Velocità ridotte (3-4 nodi) per Giovanni Soldini su Telecom Italia che continua a rimanere in testa alla regata ma vede la prima posizione insidiata dai suoi diretti inseguitori: Mistral Loisirs e Beluga Racer sono a 95 e 102 miglia di distanza (al rilevamento delle h 12 italiane) e stanno recuperando velocemente il distacco.
Giovanni si trova ora davanti a un centro di una bassa pressione completamente priva di vento che lo frena. In queste ore, dopo una notte in bianco, sta lottando per avanzare il più velocemente possibile ma con grandi difficoltà. Gli avversari filano invece a una velocità di 9-10 nodi e ora dopo ora si avvicinano sempre di più.

Questa la dichiarazione di Giovanni: “Abbiamo avuto una notte pesante con salti di vento continui. Navigare senza la centralina del vento in testa d’albero, che è esplosa ieri, non è semplice: non si sa da che parte arriva il vento e quanto vento c’è. Per di più è esplosa la drizza della trinca. Speriamo di riuscire a passare dall’altra parte della bassa pressione prima che gli avversari ci raggiungano”.

Nel frattempo, abbandono di Appart’ City di Yvan Noblet per una delaminazione profonda dello scafo, in seguito alla tempesta di 40 nodi dell’altra notte. Lo skipper francese si sta dirigendo lentamente verso l’isola francese Saint Pierre et Miquelon, sotto Terranova.

Tra gli Open 60, vittoria storica per Loick Peyron su Gitana Eighty.
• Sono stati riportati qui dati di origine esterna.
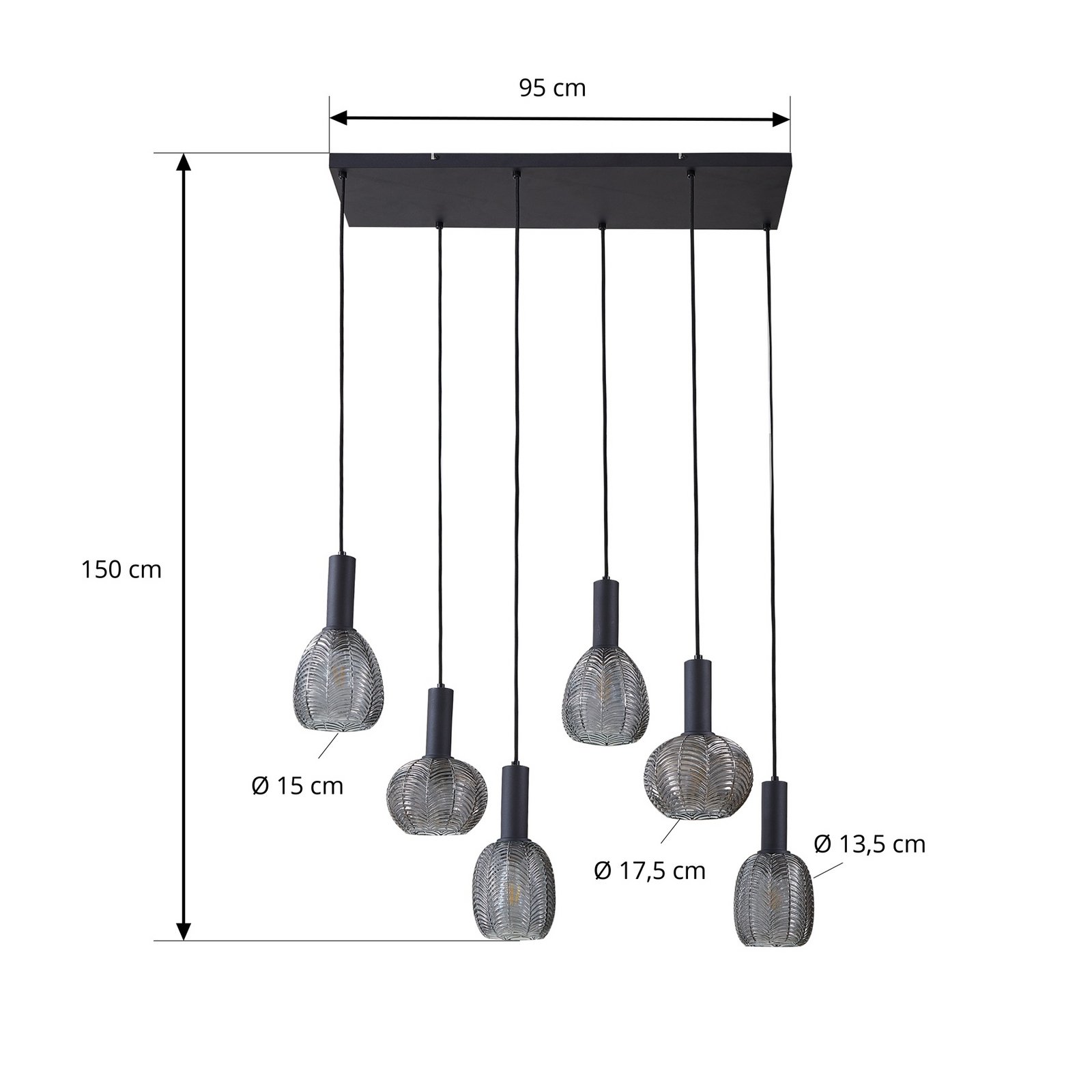 Tolli 6 Lampa Wisząca Szary/Czarny - Lindby
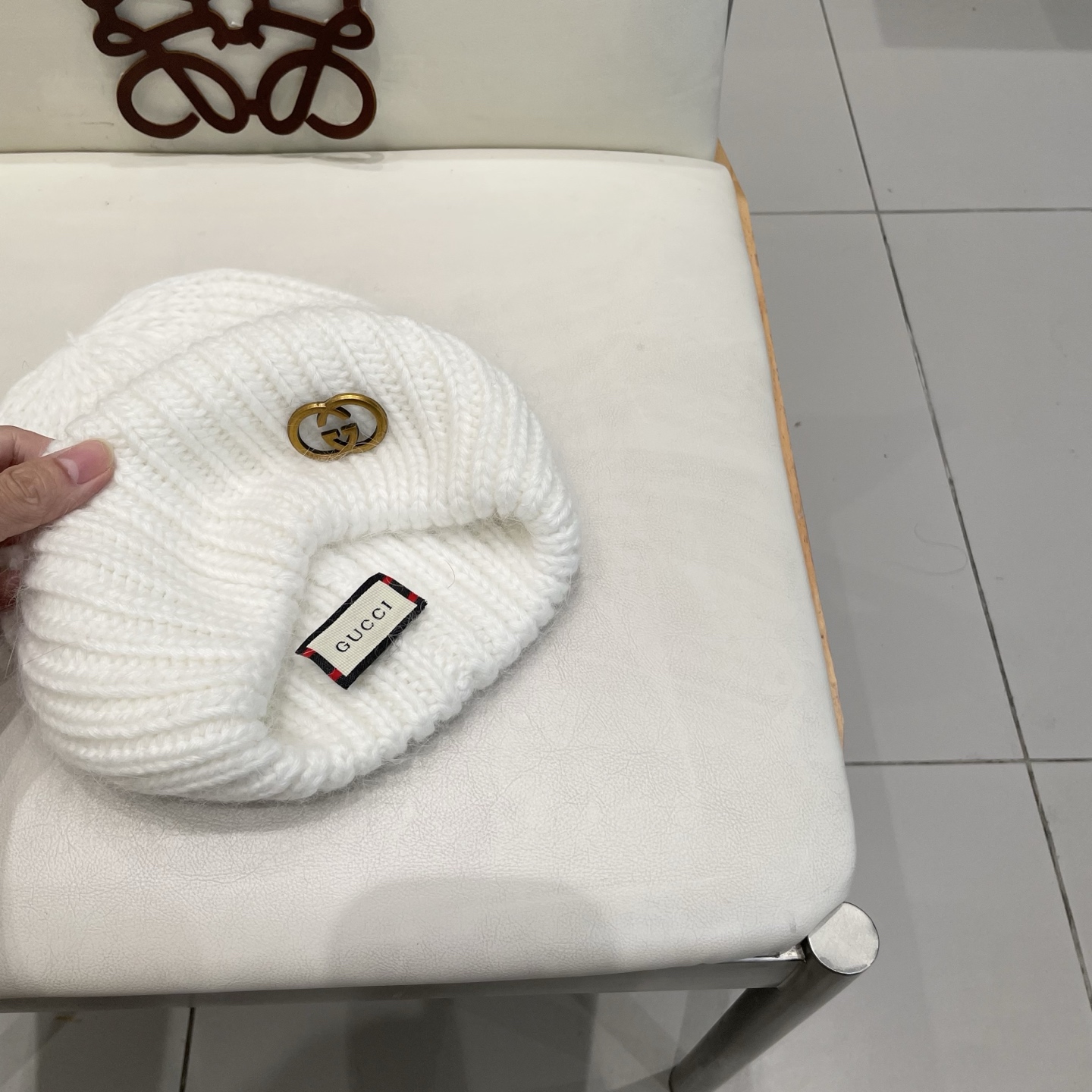  gucci古奇兔毛毛线帽女秋冬韩国大头围黑色帽子日系显脸小针织线帽宽松冷帽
Questa mattina alle h 5 15′ 35” (ore italiane) lo skipper francese ha tagliato la linea del traguardo stabilendo un nuovo record per i 60 piedi: le 2982 miglia da Plymouth (GB) a Boston (USA) sono state percorse in 12 giorni, 11 ore, 45 minuti, 35 secondi (dedotte 2 ore e mezza dalla Giuria Internazionale per portare assistenza a Vincent Riou su PRB che ha dovuto abbandonare la barca).
Per Peyron si tratta di un importante tappa nella sua carriera: è il solo skipper ad aver vinto per tre volte la Ostar (2008, 1996 e 1992), superando quindi il mitico Eric Tabarly che l’ha vinta due volte (1970 e 1964).
Al secondo posto Armel Le Cléac’h su Brit Air, che ha concluso The Artemis Transat alle h 10′ 28′ 40” italiane.